▶ [ACTION ITEM]
Restate the listing below word for word, pictures excluded.
====== MATERIALS PROVIDED ======
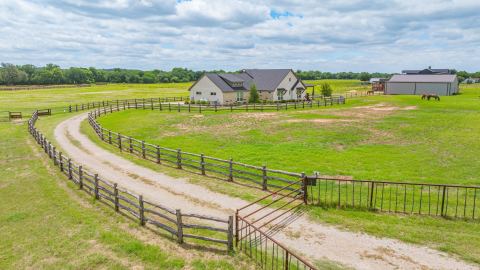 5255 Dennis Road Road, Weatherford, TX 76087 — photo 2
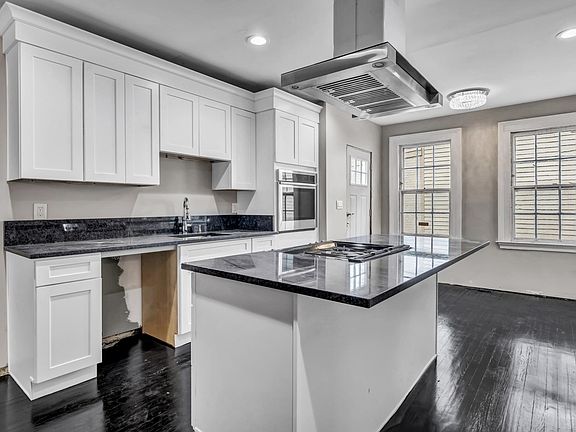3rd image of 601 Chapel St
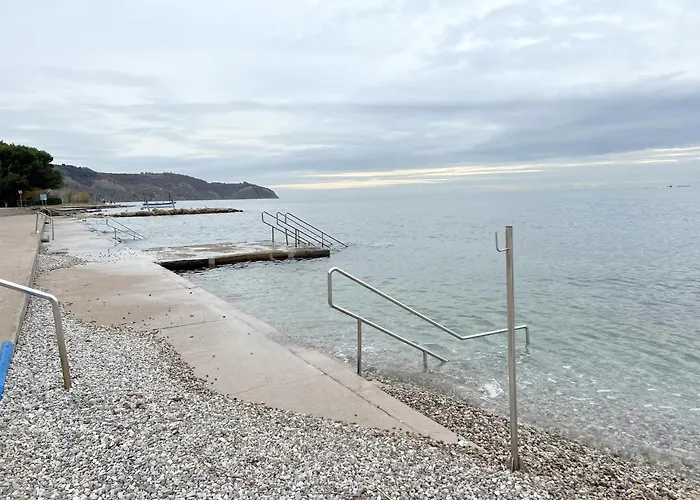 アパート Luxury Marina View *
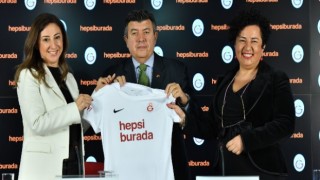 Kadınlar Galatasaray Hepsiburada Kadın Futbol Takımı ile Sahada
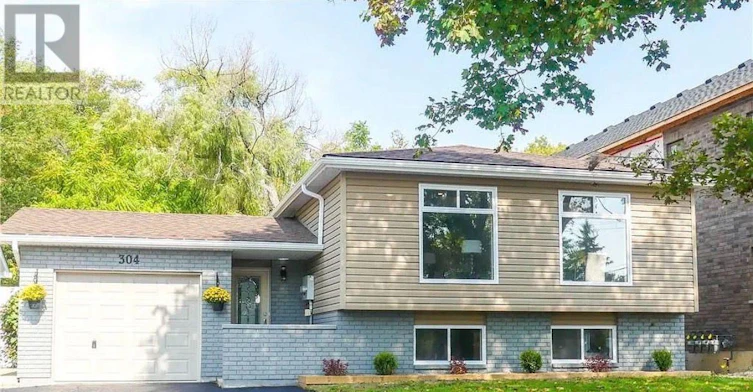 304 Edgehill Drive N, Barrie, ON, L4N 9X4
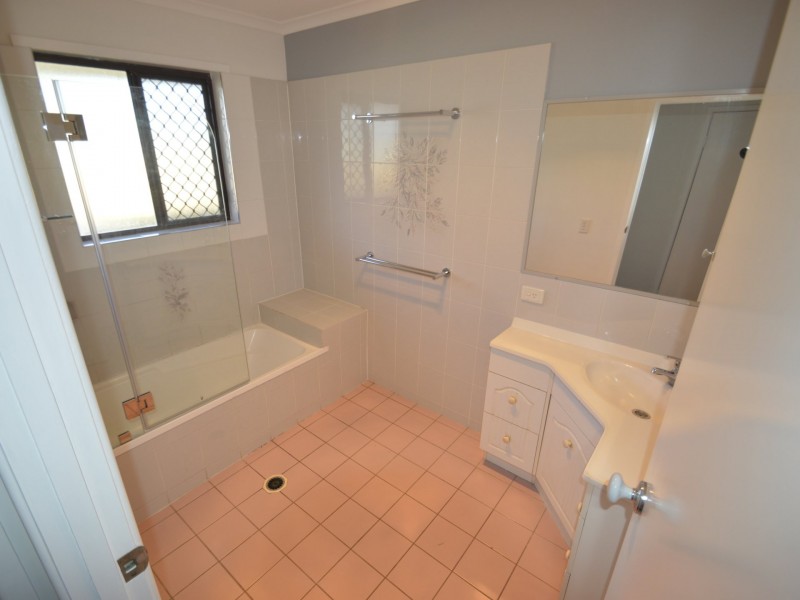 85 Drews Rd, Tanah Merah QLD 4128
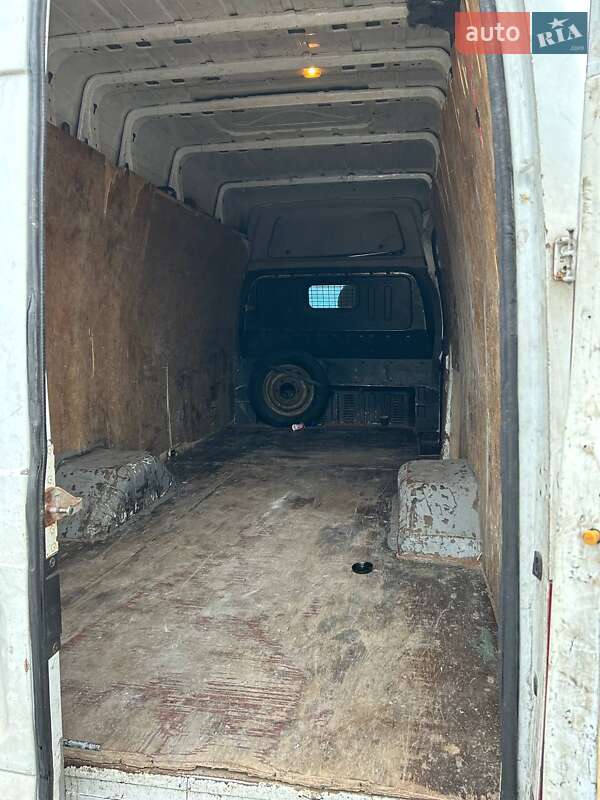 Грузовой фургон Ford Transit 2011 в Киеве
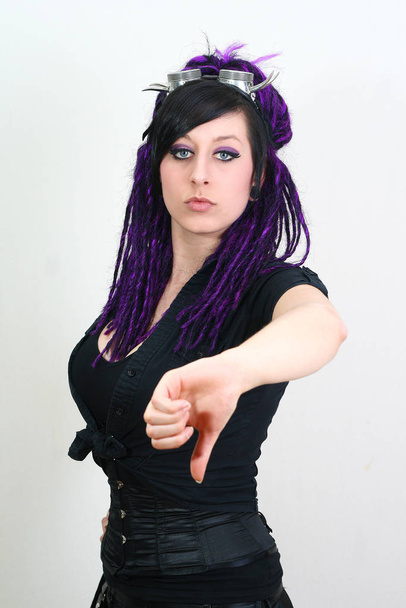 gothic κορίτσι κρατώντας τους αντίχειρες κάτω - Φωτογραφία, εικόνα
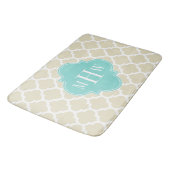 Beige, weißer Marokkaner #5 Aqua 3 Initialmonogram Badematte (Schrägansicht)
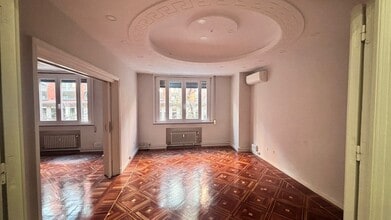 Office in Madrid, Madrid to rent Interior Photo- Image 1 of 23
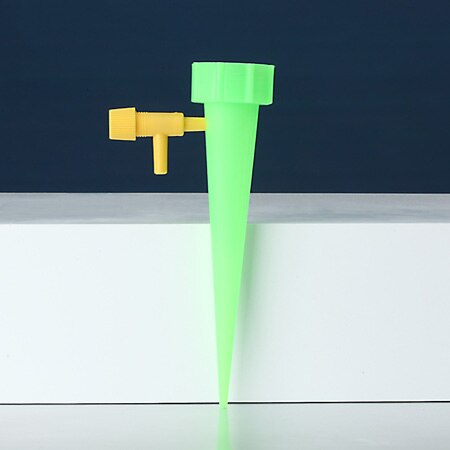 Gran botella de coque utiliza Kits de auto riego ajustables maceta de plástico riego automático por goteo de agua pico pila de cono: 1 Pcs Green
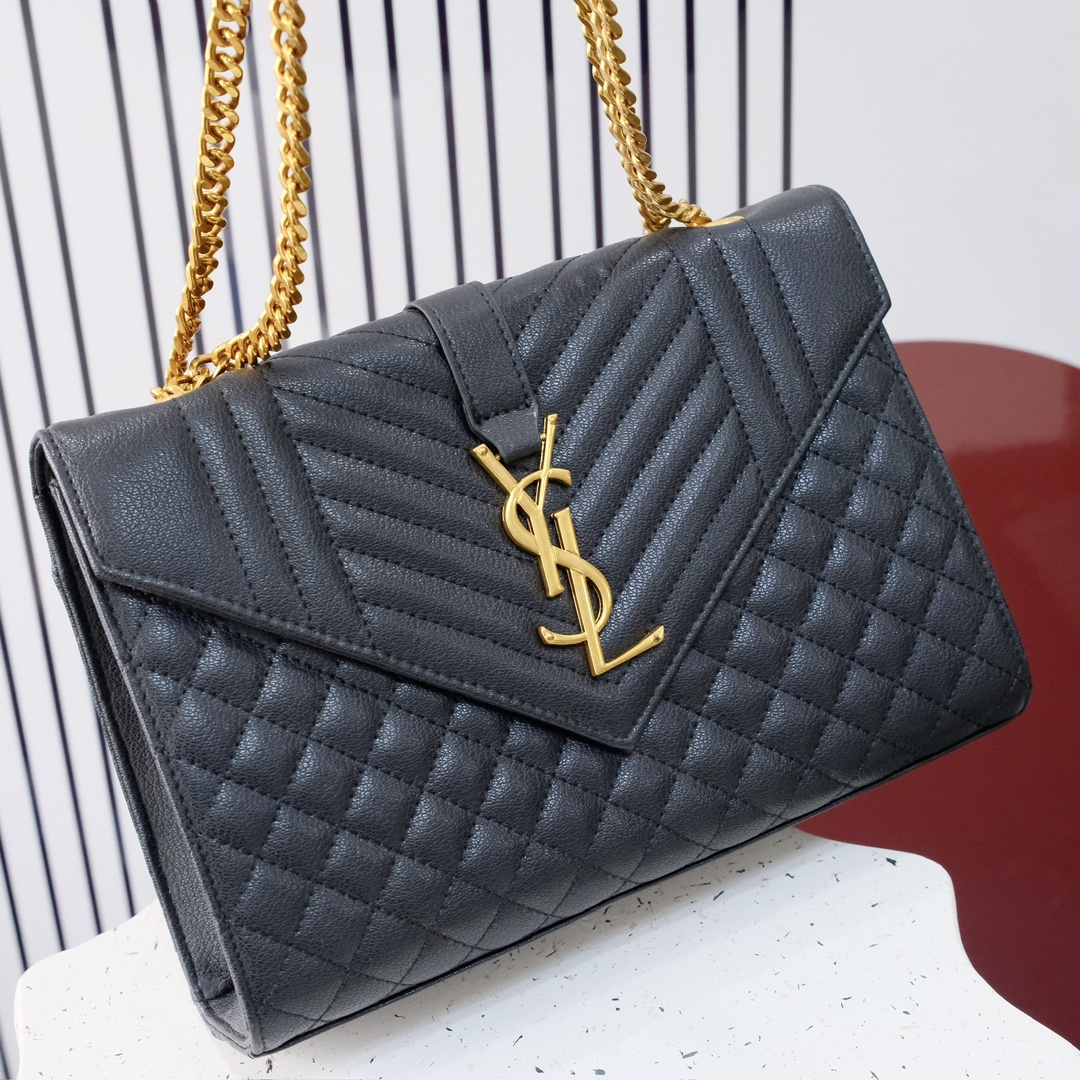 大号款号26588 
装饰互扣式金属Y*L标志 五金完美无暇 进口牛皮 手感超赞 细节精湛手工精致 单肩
======
▶ [ANSWER BELOW]
 5255 Dennis Road Road, Weatherford, TX 76087 — photo 2
3rd image of 601 Chapel St
 アパート Luxury Marina View *
 Kadınlar Galatasaray Hepsiburada Kadın Futbol Takımı ile Sahada
 304 Edgehill Drive N, Barrie, ON, L4N 9X4
 85 Drews Rd, Tanah Merah QLD 4128
 Грузовой фургон Ford Transit 2011 в Киеве
 gothic κορίτσι κρατώντας τους αντίχειρες κάτω - Φωτογραφία, εικόνα
 Beige, weißer Marokkaner #5 Aqua 3 Initialmonogram Badematte (Schrägansicht)
 Office in Madrid, Madrid to rent Interior Photo- Image 1 of 23
 Gran botella de coque utiliza Kits de auto riego ajustables maceta de plástico riego automático por goteo de agua pico pila de cono: 1 Pcs Green
 大号款号26588 
装饰互扣式金属Y*L标志 五金完美无暇 进口牛皮 手感超赞 细节精湛手工精致 单肩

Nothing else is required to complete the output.